Agenturen oder Freelancer, die mit personenbezogenen Daten und Online-Kollaborationstools arbeiten, sollten einige Sicherheitsvorkehrungen treffen

  • Führen Sie ein Datenschutz-Audit durch, um zu identifizieren, ob und wie Sie personenbezogene Daten in der Agentur verarbeiten. Externe Datenschutzbeauftragte finden Sie etwa über den Gesamtverband Kommunikationsagenturen GWA oder den Berufsverband der deutschen Kommunikationsdesigner e. V. (BDG). Wer keine personenbezogenen Daten verarbeiten, kann sich entspannen.

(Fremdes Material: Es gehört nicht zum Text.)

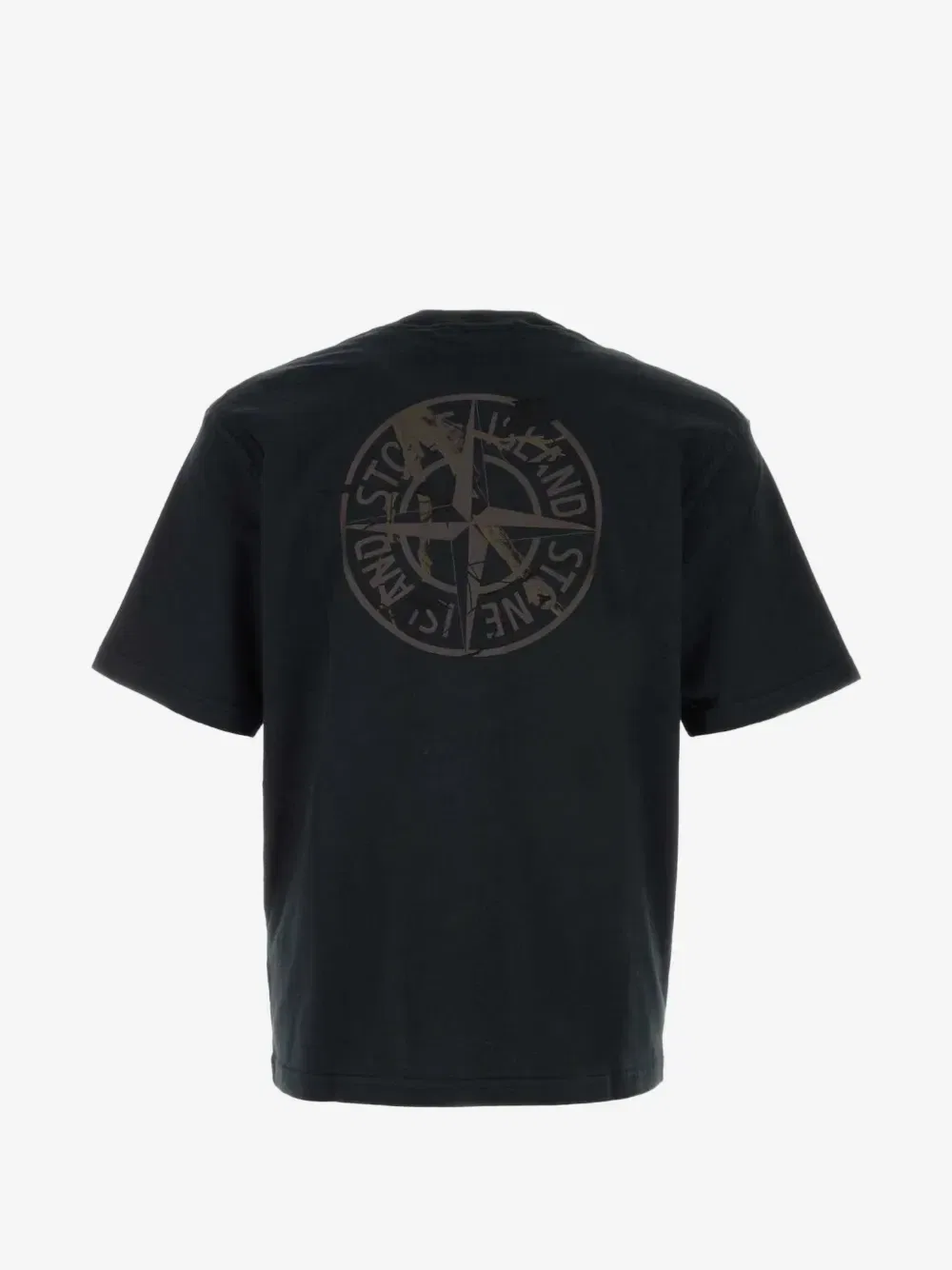Футболка хлопковая с принтом логотипа Stone Island, синий — фото 2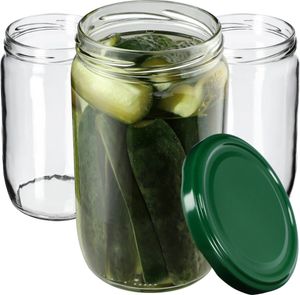 KADAX zavařovací sklenice s víčkem "Niva", zavařovací sklenice, zavařovací sklenice, 720 ml, zelené, 48 kusů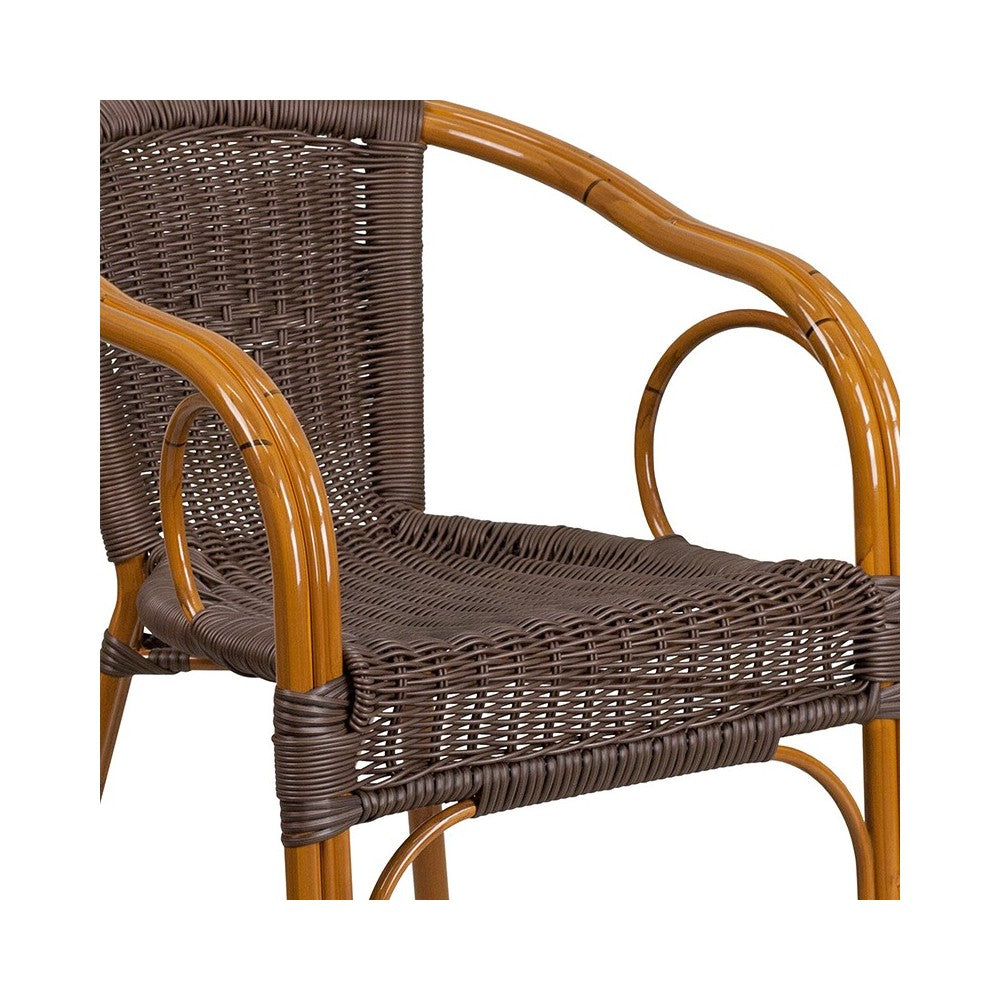 Cadiz Series Dark Brown Rattan Restaurant Patio Chair with Red Bamboo-Aluminum Frame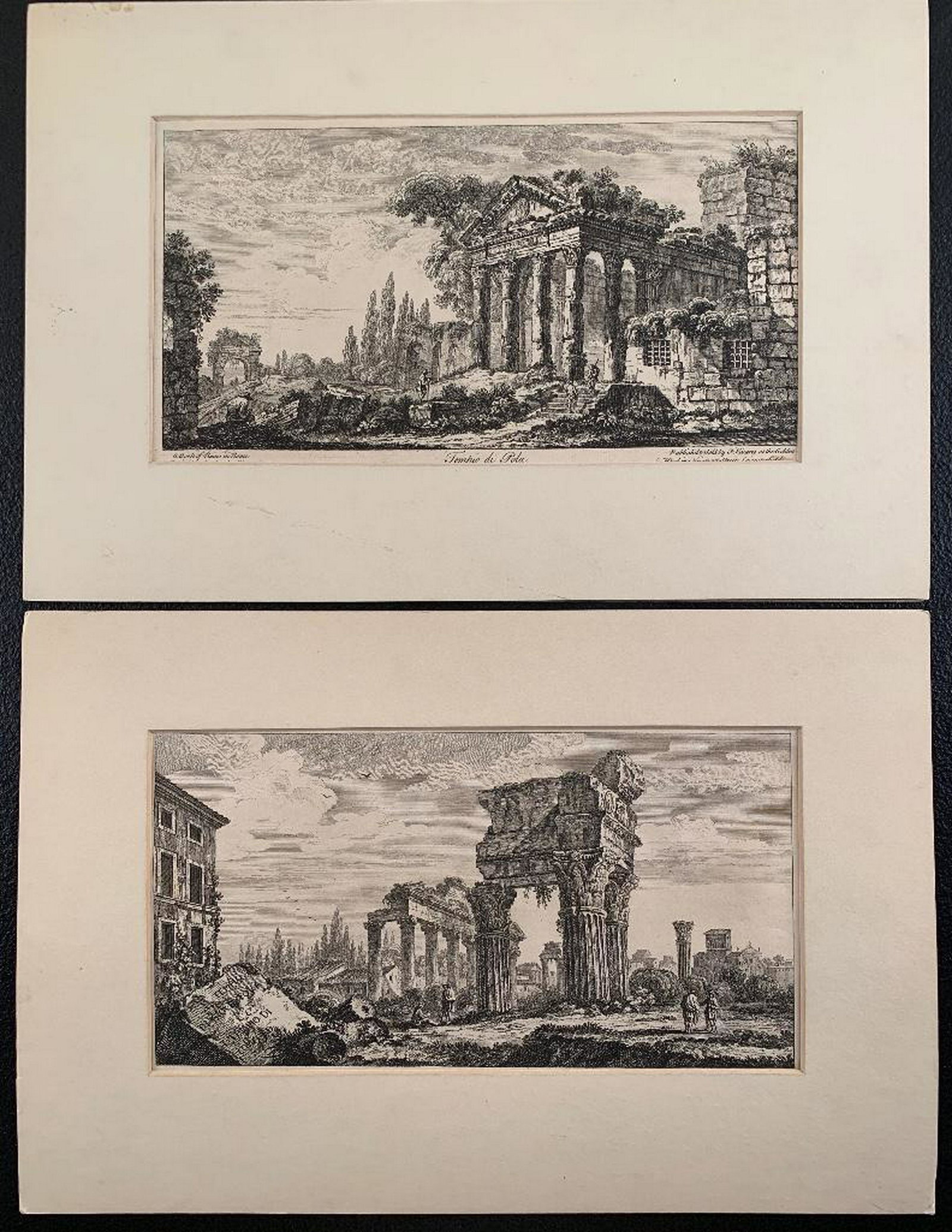 Two Giovanni Battista Piranesi (1720 - 1778) Etchings: Two Giovanni Battista Piranesi Etchings "Tempio di Giove Tonans" (Temple of Jupiter Tonans-jupiter the Thunderer) and "Temple of Pola in Istria" (Tempio di Pola in Istria). Etchings on chain lined and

  • Hosten Sie die Kollaborationstools auf dem eigenen Server und ermöglichen Sie den Zugang für externe Mitarbeiter und Kunden nur über ID und Passwort.

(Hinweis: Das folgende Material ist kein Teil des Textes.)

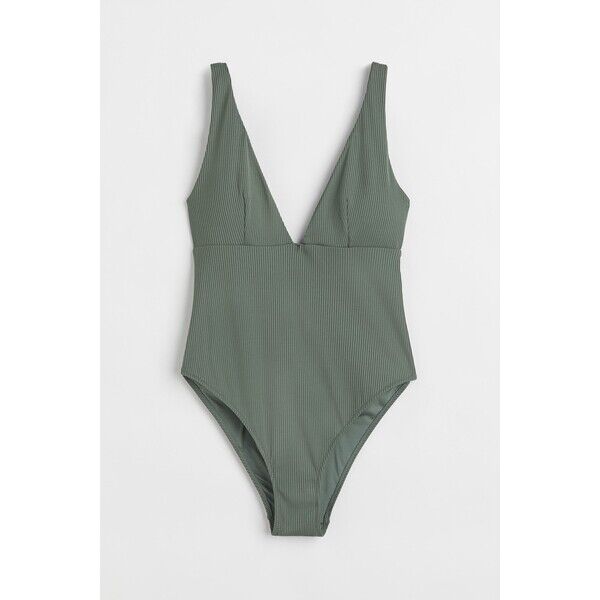 H&M Kostium kąpielowy w prążki - Dekolt w serek - Bez rękawów - 0919129014 Zieleń khaki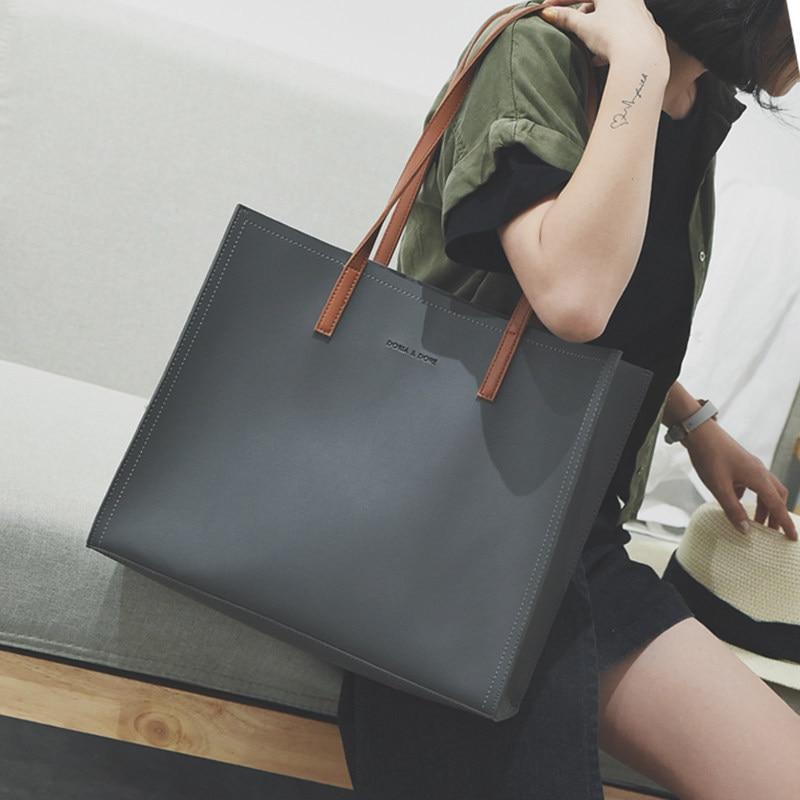 Minimalist Large Capacity Vegan Leather Tote Bag – Gifts for Designers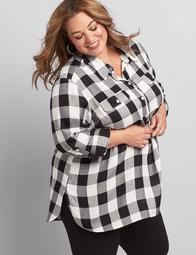 Checkered Button-Front Tunic Top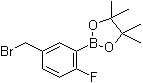 structure of CAS# 1256360-47-0, 5-(Bromomethyl)-2-fluorophenylboronic acid pinacol ester;2-[5-(Bromomethyl)-2-fluorophenyl]-4,4,5,5-tetramethyl-1,3,2-dioxaborolane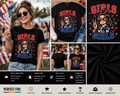 Girls Will Be Girls Patriotic 4th of July T-Shirt | Funny Feminist Independence Day Graphic Tee for Women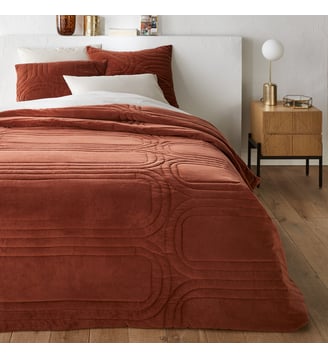 Couvre lit boutis matelassé velours coton Honorine - La Redoute Interieurs - Terracotta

  • Ist das Hosten auf dem eigenen Server nicht möglich, setzen Sie Online-Kollaborationstools ein, die den europäischen Datenverkehr über Server auf deutschem oder europäischem Boden leiten.
  • Schließen Sie mit Softwareanbietern und Dienstleistern Auftragsdatenverarbeitungsverträge. Musterverträge gibt es für unterschiedliche Branchen.
  • Schicken Sie personenbezogene Daten nie unverschlüsselt durchs Web, sondern chiffrieren Sie die Mails etwa mittels Pretty Good Privacy (PGP) oder OpenPGP.